Vietnam issues cybersecurity directive amid attacks
The Prime Minister of Vietnam, Pham Minh Chinh, has issued a directive, urging ministries, sectoral bodies and local government agencies to conduct a thorough review of the country’s cybersecurity landscape.
Ransomware incidents since late March have targeted prominent enterprises such as financial advisory company VnDirect, fuel service station chain PVOil and a telecommunications service provider, which emphasised the urgent need for the implementation of comprehensive cybersecurity measures. DFDL’s assessment shows that Vietnam ranks 12th globally in internet usage, with 72 million users, yet cybersecurity awareness remains inadequate with a lack of co-ordination between government agencies and the private sector.
The damage from cyberattacks amount to significant financial losses, with phishing, scam calls and data breaches proliferating.
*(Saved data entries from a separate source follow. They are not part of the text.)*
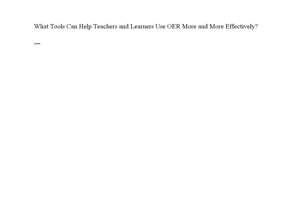This is a toolkit working group on what tools can help teachers and learners use open educational resources more effectively. One of the important questions is what the OpenCourseWare Consortium should do and what our role can be in providing tools to users.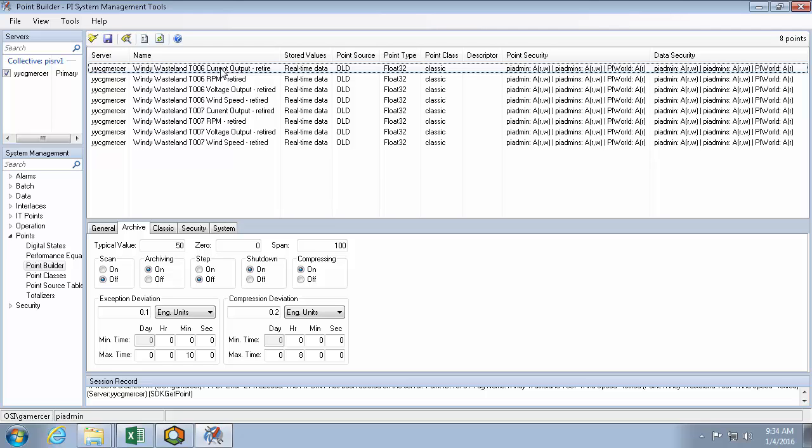Now if I was tasked with deleting the retired points, instead of just renaming them, changing the point source, and turning the scan off, I could use system management tools. But we can also do that all at once in PI Builder.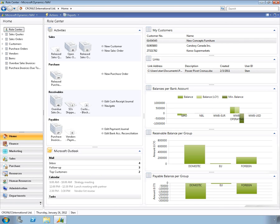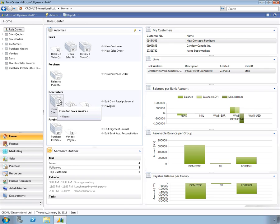This is the role center, where you can see at a glance important information about your business. For example, this icon, representing a large stack of paper, indicates that you have a number of overdue sales invoices.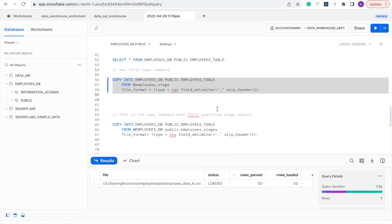So guys, this is how you load your data into Snowflake using the copy command.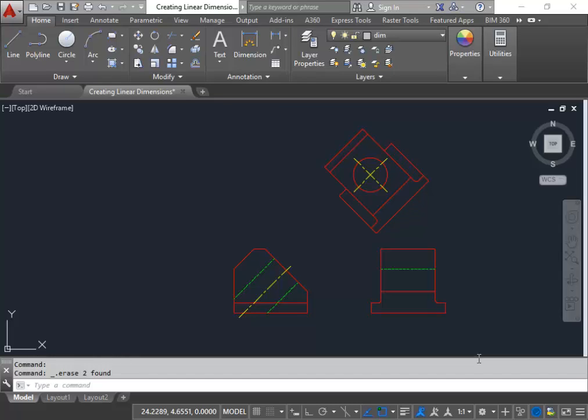Creating Radius and Diameter Dimensions. One rule is diameter dimensions are to be placed on fully enclosed circles only. That's the only time you should represent a diameter dimension, if it's a complete circle. If it's an arc then you must use the dimension radius style. Do not put a diameter on an arc. Again, a radius is sufficient for an arc.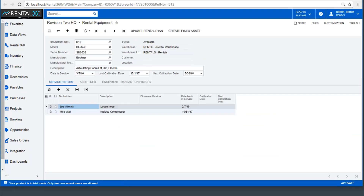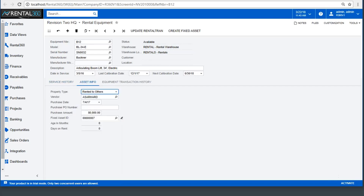On the equipment screen you'll see all recorded attributes of an asset, as well as its service history and last and next calibration dates. You can also see all fixed asset information.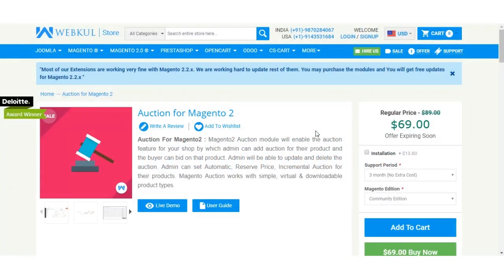Hello and welcome to this new video tutorial of Auction for Magento 2. In today's video tutorial we'll be showing you how the admin of the Magento 2 web store can add auction to his products, and after that we'll be showing you how the customers can bid on the admin's auction products at the front end.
Cybersecurity software company Bkav Corporation conducted an assessment in December last year that found computer viruses caused estimated losses of VND17.3 trillion (USD716 million) to Vietnamese users in 2023. In response to the directive, DFDL recommends that enterprises undertake the following actions to enhance cybersecurity compliance:
· Proactively establish measures to ensure the security of information ofenterprises and state authorities, e.g., the Vietnam Cybersecurity Emergency Response Team/Co-ordination Centre (VNCERT/CC), in the event of cyberattacks or cybersecurity incidents;
· Proactively report to VNCERT/CC through the contact information provided on the website https://vncert.vn/ on detecting any cybersecurity incidents in Vietnam, and the Department of Cybersecurity and High-tech Crime Prevention (DCHCP) within 72 hours if any data privacy breaches concerning Vietnamese citizens occurs;
· Comply with data localisation and filing requirements in terms of the data processing impact assessment dossier and the data cross-border transfer impact assessment dossier; and
· Co-ordinate with state agencies when requested.